MySQL for Python
上QQ阅读APP看书,第一时间看更新

Project: A command-line search utility

This chapter has been about querying MySQL from Python. As a project to finish it out, we will build a command-line search utility. Rather than ask the user for the search term, we will expect the user to state the term as an argument for the command-line invocation.

Note

With a bit more code for this project, we could create a GUI for this program. GUI programming increases the complexity of the code. How much more complex it gets depends on the library being used, but it is nonetheless unnecessary for what we need to illustrate in this project. Until we are certain that we have a database and can connect to it, it is best to keep it simple.

Now, it is true that we could simply take input and feed it through MySQL for Python as a generic SELECT * statement. The logic for this bare bones implementation has been illustrated previously to a great extent. We can create something a bit more sophisticated.

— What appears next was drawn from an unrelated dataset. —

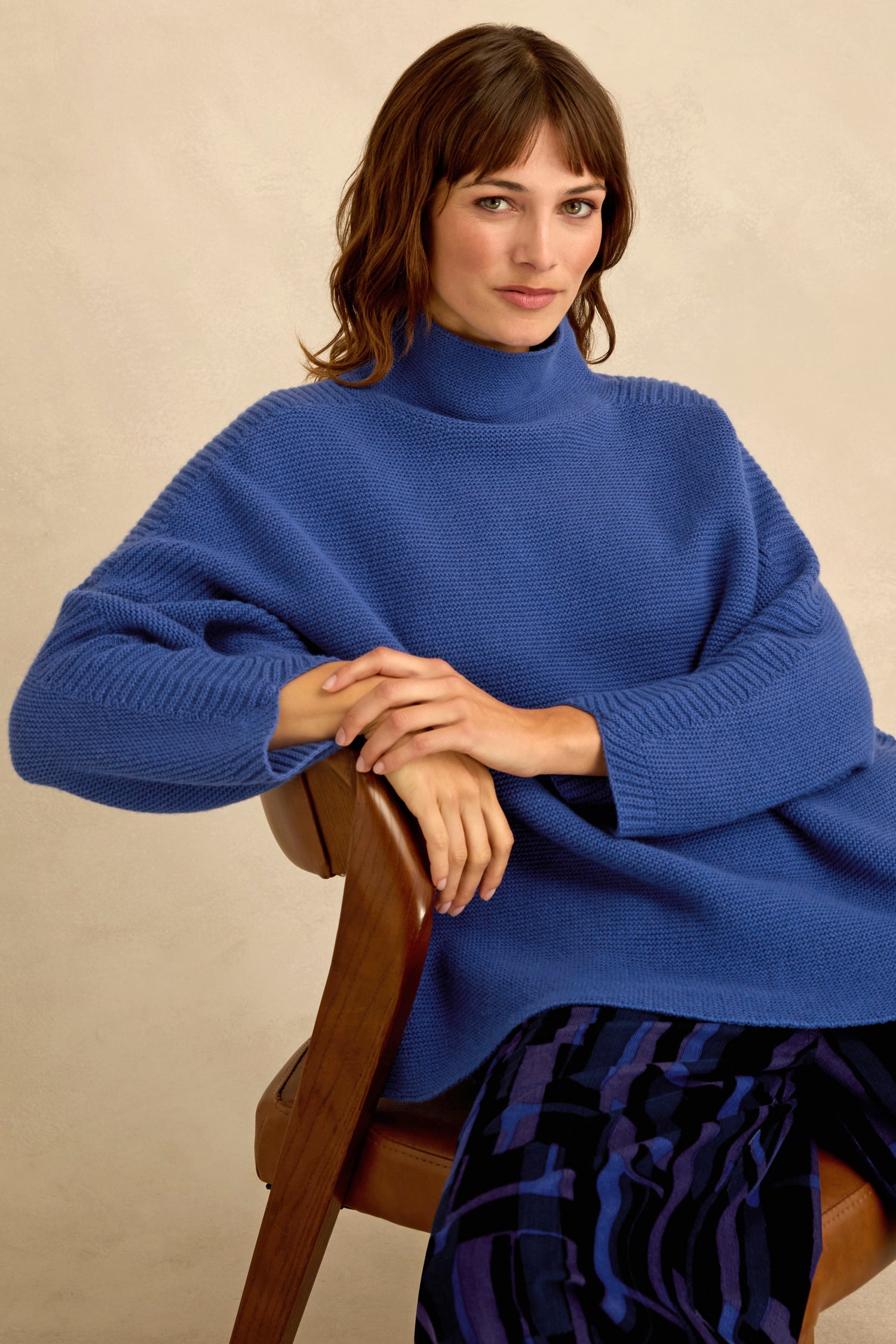 Woman with brown hair in a Royal Blue Merino Ribbed Turtle Neck Jumper and patterned pants sits on a wooden chair, facing forward with her hands resting on her knee.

The following characteristics should apply to our search utility:

  • The user calls it from the command line (that is, shell prompt)
  • The search term is defined at the time of calling
  • If the -t flag is issued, the following term is the table to be used; default is to search all tables
  • If the -f flag is issued, the output is formatted by table
  • If the -o flag is issued, the output is written to the given file

To illustrate, calling the application searchme.py, one should be able to call the application as follows:

./searchme.py -t menu -f -o output.txt query

This should search the table menu from the database fish for the term query, format the output, and write it to a file called output.txt. You may need to nuance this statement depending on your operating system's requirements. For example, Windows users should not include ./ before the program call. For more help with calling Python on Windows, see the Python Windows FAQ at the following URL: http://www.python.org/doc/faq/windows/.

Preparing a database for searching

For this project, however, we will leave behind the fish database for the moment and use the world sample database available from MySQL. For users of Linux, Unix, and Mac OS X, download the database from the following URL:

http://downloads.mysql.com/docs/world.sql.gz

To unpack this archive, simply issue the appropriate unpacking command:

gunzip world.sql.gz

Windows users, or users without the utility gunzip, should use the ZIP file:

http://downloads.mysql.com/docs/world.sql.zip

Then use an archive manager to unpack the ZIP file.

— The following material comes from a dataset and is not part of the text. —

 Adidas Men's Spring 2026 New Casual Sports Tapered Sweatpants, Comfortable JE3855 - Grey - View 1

Regardless of your platform, you should then be left with a file world.sql. From the directory in which that file resides, log into MySQL. You first need to create a database world and then import the file.

  1. To create the database, type the following at the prompt:
    CREATE world;
  2. Then tell MySQL to use that database:
    USE world;
  3. Import the file with the following MySQL command:
    SOURCE world.sql;

MySQL will then populate the database world with three tables of data: City, Country, and CountryLanguage.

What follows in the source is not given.